Der EuGH hat im Jahr 2000 klargestellt, dass die Anwendung der Vorschriften zum Schutz der werdenden Mutter für diese keine Nachteile beim Zugang zur Beschäftigung mit sich bringen darf. Es sei dem Arbeitgeber nicht erlaubt, die Einstellung einer schwangeren Bewerberin deshalb abzulehnen, weil er diese aufgrund eines aus der Schwangerschaft folgenden Beschäftigungsverbots auf dem unbefristet zu besetzenden Arbeitsplatz nicht von Anfang an und nicht für die Dauer ihrer Schwangerschaft beschäftigen darf.
Zum Fall: Der Chirurg durfte die Einstellung der MTA nicht davon abhängig machen, dass keine Schwangerschaft vorliegt, weil ein derartiges Ansinnen nicht im Einklang mit § 611a BGB steht, wonach der Arbeitgeber eine Arbeitnehmerin bei einer Vereinbarung oder Maßnahme, insbesondere bei der Begründung des Arbeitsverhältnisses oder einer Kündigung, nicht wegen ihres Geschlechts benachteiligen darf.
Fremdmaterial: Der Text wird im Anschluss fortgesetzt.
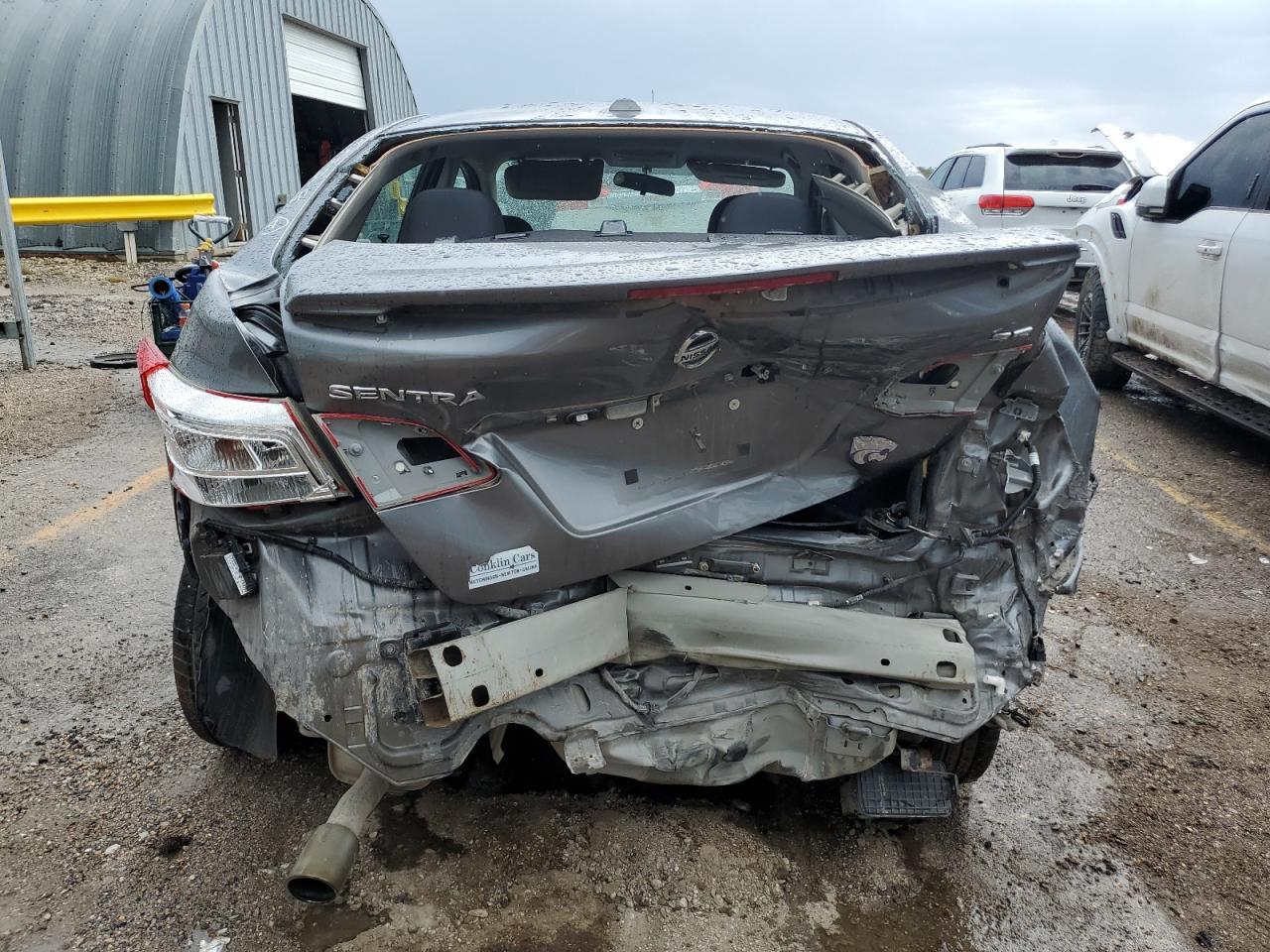 2016 Nissan Sentra S - Фото 6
Eine Bewerberin ist nicht verpflichtet, ungefragt ihre Schwangerschaft bei Abschluss eines unbefristeten Arbeitsvertrages zu offenbaren – auch dann nicht, wenn in den ersten Monaten des Arbeitsverhältnisses ein schwangerschaftsbedingtes Beschäftigungsverbot besteht. Im Verschweigen der Schwangerschaft kann keine arglistige Täuschung gesehen werden.
Der Chirurg hat deshalb mit der Anfechtung des Arbeitsvertrages keine Aussicht auf Erfolg, weil die Frage nach einer Schwangerschaft während eines Einstellungsgesprächs gegen § 611 a Abs. 1 Satz 1 BGB verstößt. Das Arbeitsverhältnis besteht fort. In Betracht kommt lediglich ein Beschäftigungsverbot auf Grundlage des Mutterschutzgesetzes.